Recipe Database

Welcome to the Intervale Food Hub recipe collection! Our goal is to inspire you to cook delicious food at home using the best seasonal ingredients. Every week, we find a handful of recipes to use with the ingredients that we're delivering that week, so our collection is constantly changing and growing. 

Hot Pepper Relish

20130522-253262-hot-pepper-relish-thumb-625xauto-328048.jpg

From Joshua Bousel for Serious Eats; adjustments made for Intervale Food Hub members

Ingredients

  • 1/2 pound hot green peppers (such as jalapeños or serranos), stemmed, seeds removed for a more mild relish
  • 1/2 pound hot red peppers (such as fresnos or cherry peppers), stemmed, seeds removed for a more mild relish
  • 1/2 pound yellow onions, roughly chopped
  • 1 tablespoon kosher salt
  • 1/2 cup cider vinegar
  • 1/4 cup white sugar

Directions

  1. Place peppers and onions in workbowl of a food processor fitted with steel blade. Pulse until peppers and onion are finely chopped.

  2. Transfer pepper mixture to a fine mesh strainer set inside a bowl. Stir in salt and let sit for 2-3 hours. Rinse under cold water and strain, pushing vegetables against side of the strainer using a rubber spatula to remove as much water as possible.

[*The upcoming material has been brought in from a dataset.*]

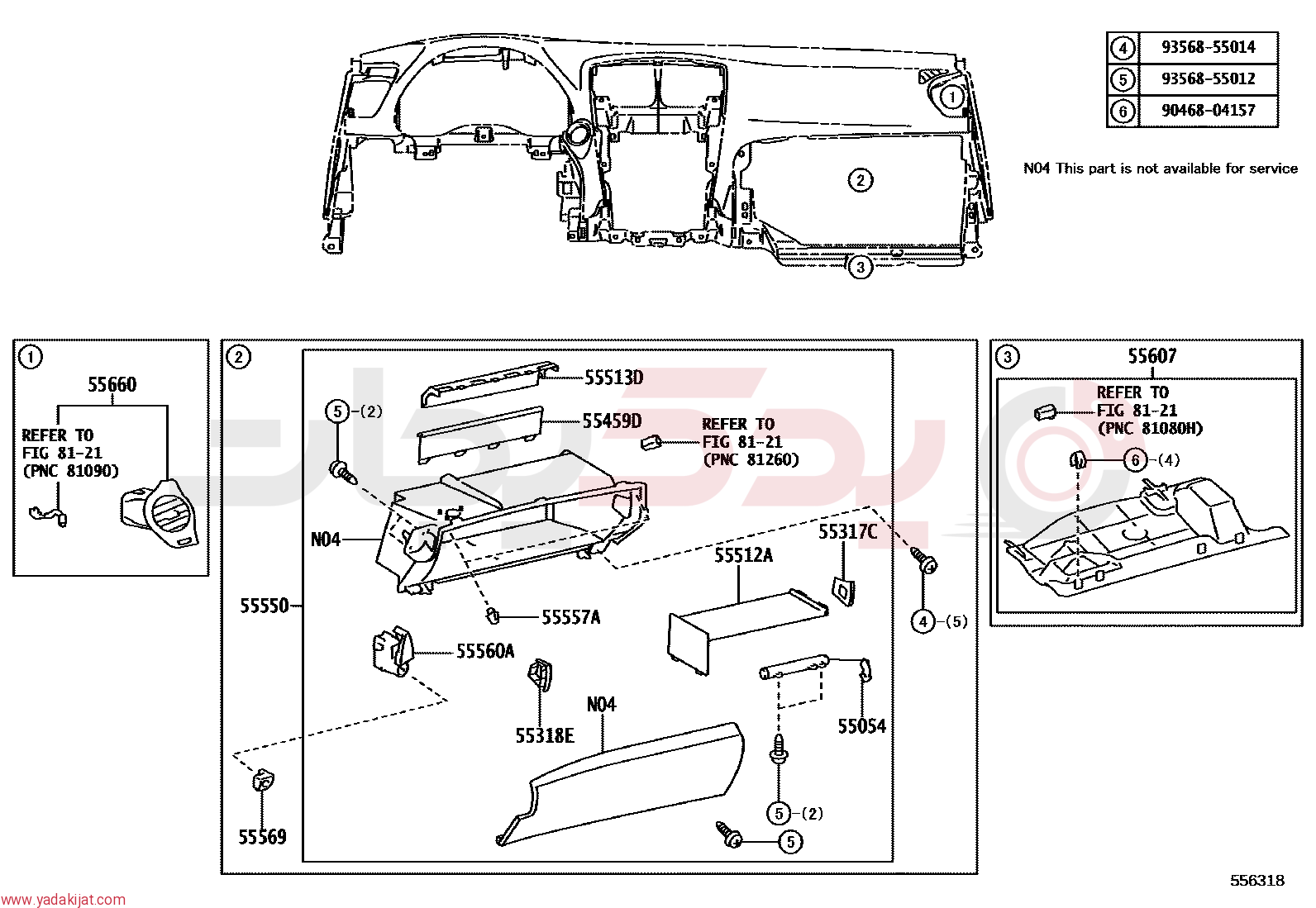 REGISTER ASSY, INSTRUMENT PANEL, NO.2 | 5566053060C0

  3. In a medium saucepan, bring vinegar and sugar to a boil over medium high heat, stirring to dissolve to sugar. Add in pepper mixture, reduce heat to medium-low, and simmer for 10 minutes, stirring occasionally. Remove from heat and let cool to room temperature. Transfer relish to an airtight container and store in refrigerator up to a month.